Gedanken- und Alltagsschnipsel im Juni

Alltagsschnipsel, Dies & Das

Da ist es wieder: Das Hamsterrad. Und ich stehe mittendrin.
Unbemerkt ließ ich mich in den letzten Wochen und Monaten wieder tiefer in die Probleme der sich verändernden Welt um uns alle herum hineinziehen. Alle wollen wegen der Inflation und gestiegenen Energiekosten immer mehr und mehr. Dieses Gedankengut sprang schnell auf mich über, sodass ich über viele Wochen wie selbstverständlich glaubte, auch mehr zu brauchen: Mehr tolle Urlaubsreisen. Mehr Bruttogehalt. Einfach mehr.
Als mein Kollege/Freund M und ich die zweiten von drei in diesem Jahr stattfindenden Mitarbeitergespräche führten, spürte ich es vom einen auf den anderen Moment plötzlich ganz deutlich: Ich möchte wieder aussteigen. Aus dem Hamsterrad. Ich will wieder fokussierter dem minimalistischen Weg folgen.

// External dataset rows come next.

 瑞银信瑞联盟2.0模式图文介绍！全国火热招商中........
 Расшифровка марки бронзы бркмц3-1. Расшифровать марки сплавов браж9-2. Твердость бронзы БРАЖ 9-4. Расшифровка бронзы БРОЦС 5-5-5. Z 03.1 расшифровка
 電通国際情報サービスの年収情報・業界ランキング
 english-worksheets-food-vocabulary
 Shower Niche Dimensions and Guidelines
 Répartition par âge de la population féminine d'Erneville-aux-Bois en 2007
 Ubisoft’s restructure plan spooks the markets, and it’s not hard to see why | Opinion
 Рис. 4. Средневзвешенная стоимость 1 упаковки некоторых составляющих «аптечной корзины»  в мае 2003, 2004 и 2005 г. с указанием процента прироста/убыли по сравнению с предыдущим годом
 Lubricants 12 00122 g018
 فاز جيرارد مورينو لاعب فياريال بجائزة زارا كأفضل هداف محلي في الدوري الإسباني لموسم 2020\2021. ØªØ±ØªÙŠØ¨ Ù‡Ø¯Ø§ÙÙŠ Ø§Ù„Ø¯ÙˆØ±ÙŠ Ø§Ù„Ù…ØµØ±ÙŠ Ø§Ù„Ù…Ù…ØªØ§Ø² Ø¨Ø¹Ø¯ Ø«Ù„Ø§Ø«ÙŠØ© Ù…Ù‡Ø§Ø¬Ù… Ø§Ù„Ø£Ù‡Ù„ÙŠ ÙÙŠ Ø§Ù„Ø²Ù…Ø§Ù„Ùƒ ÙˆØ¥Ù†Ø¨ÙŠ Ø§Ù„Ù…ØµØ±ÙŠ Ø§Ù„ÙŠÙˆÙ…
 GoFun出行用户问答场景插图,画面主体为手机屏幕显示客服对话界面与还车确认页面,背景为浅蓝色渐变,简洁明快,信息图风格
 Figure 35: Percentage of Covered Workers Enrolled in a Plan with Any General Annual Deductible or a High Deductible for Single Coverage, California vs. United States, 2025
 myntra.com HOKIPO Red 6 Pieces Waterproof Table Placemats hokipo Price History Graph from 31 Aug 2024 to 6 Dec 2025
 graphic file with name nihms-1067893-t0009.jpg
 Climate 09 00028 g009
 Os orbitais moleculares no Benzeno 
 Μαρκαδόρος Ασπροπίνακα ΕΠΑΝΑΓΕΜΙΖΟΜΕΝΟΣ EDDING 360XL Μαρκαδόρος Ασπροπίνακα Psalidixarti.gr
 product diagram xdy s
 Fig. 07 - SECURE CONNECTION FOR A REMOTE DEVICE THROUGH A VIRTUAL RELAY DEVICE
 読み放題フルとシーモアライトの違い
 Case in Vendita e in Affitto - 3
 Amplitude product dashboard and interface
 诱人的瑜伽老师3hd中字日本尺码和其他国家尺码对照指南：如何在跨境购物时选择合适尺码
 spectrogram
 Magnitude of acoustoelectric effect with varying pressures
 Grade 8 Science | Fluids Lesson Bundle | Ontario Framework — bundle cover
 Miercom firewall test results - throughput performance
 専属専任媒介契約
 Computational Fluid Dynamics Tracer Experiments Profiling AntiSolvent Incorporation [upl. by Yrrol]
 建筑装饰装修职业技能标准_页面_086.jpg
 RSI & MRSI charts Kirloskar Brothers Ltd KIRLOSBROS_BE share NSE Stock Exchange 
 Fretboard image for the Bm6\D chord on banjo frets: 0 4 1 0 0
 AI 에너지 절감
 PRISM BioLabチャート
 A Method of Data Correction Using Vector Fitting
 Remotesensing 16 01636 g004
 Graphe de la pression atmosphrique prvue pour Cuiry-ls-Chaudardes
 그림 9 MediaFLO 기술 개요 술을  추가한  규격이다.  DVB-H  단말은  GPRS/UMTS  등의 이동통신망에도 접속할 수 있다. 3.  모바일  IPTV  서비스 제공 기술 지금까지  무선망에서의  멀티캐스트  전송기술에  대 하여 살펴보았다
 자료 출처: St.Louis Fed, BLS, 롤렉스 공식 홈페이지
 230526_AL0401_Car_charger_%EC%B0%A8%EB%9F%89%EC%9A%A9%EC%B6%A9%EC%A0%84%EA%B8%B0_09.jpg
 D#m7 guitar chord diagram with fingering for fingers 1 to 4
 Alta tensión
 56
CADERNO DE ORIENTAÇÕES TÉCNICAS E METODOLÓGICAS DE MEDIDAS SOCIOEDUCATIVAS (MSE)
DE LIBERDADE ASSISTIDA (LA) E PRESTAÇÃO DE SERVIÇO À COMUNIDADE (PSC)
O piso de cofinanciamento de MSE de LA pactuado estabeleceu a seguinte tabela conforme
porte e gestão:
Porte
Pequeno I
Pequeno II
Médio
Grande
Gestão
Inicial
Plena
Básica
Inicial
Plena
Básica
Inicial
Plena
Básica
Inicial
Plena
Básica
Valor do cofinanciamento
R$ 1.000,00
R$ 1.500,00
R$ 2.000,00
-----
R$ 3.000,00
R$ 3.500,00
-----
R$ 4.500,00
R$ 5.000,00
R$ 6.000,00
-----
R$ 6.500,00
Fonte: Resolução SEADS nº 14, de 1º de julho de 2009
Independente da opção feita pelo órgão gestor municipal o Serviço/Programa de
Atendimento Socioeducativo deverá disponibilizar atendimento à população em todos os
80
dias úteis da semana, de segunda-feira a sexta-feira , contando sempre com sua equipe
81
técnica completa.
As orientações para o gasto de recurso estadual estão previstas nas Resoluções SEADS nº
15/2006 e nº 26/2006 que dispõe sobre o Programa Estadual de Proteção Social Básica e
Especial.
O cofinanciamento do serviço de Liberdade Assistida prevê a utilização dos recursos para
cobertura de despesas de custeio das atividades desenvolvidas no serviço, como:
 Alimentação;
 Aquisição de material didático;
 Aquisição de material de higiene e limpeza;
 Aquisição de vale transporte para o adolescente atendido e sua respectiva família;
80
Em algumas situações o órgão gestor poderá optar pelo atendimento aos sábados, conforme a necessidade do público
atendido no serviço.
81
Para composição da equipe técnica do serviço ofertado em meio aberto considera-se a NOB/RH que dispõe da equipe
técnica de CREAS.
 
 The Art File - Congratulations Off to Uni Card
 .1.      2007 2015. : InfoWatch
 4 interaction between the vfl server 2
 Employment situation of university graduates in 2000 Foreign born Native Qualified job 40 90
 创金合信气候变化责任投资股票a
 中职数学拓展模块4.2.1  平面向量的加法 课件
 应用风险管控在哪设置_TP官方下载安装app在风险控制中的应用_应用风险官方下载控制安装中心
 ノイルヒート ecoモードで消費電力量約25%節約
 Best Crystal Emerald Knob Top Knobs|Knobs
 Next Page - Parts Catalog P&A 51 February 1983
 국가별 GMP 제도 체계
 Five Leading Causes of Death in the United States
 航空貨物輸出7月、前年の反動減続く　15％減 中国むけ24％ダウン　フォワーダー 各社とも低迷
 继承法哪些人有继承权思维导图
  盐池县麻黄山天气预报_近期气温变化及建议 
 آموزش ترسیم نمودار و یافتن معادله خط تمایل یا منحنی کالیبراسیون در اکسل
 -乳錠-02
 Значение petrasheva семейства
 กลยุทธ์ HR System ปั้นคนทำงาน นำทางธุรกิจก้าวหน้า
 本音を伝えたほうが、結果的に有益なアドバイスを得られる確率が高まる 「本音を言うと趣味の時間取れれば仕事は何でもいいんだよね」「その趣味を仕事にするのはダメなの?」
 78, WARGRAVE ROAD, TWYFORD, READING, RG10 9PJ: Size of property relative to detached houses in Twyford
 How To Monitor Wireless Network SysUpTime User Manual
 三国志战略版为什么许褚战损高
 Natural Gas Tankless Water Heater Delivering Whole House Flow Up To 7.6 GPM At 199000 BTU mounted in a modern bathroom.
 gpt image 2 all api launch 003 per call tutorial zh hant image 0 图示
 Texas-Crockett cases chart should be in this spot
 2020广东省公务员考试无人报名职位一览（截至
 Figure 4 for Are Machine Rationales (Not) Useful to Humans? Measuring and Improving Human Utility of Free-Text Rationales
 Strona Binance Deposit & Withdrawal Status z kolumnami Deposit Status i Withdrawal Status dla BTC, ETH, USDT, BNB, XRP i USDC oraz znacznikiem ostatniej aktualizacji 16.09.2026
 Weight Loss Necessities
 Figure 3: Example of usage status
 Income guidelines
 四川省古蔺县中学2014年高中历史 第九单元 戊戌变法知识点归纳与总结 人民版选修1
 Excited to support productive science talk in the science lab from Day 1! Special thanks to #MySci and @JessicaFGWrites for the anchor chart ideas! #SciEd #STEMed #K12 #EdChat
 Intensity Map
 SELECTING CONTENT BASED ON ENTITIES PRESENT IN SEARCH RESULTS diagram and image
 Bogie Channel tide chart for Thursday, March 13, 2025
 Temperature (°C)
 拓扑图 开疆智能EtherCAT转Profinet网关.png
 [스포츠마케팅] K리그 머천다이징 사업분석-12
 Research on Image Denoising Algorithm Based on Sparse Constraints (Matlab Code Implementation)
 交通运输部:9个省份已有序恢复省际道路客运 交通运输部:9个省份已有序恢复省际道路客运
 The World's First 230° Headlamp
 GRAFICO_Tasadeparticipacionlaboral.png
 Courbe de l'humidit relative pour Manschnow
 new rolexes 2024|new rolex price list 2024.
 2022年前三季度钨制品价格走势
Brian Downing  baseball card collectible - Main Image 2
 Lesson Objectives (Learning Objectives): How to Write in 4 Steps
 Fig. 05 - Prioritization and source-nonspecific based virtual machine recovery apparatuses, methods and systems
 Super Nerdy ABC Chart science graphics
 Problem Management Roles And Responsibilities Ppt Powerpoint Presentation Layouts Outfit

Ich bin definitiv ein glücklicher und zufriedener Mensch. Ich habe alles, was ich brauche. Ich habe alles, was ich für L brauche. Uns geht es finanziell sehr gut.
Nahezu jede Kollegin und jeder Kollege erhält ein deutlich höheres Bruttogehalt als ich. Na und?! Ob sie deshalb glücklicher und zufriedener sind, wage ich zu behaupten. Ich erhalte ein gutes Gehalt und obendrauf noch zig wunderbare Benefits, die ich an keinem Tag im Jahr mehr missen möchte. Ich bin sehr dankbar dafür.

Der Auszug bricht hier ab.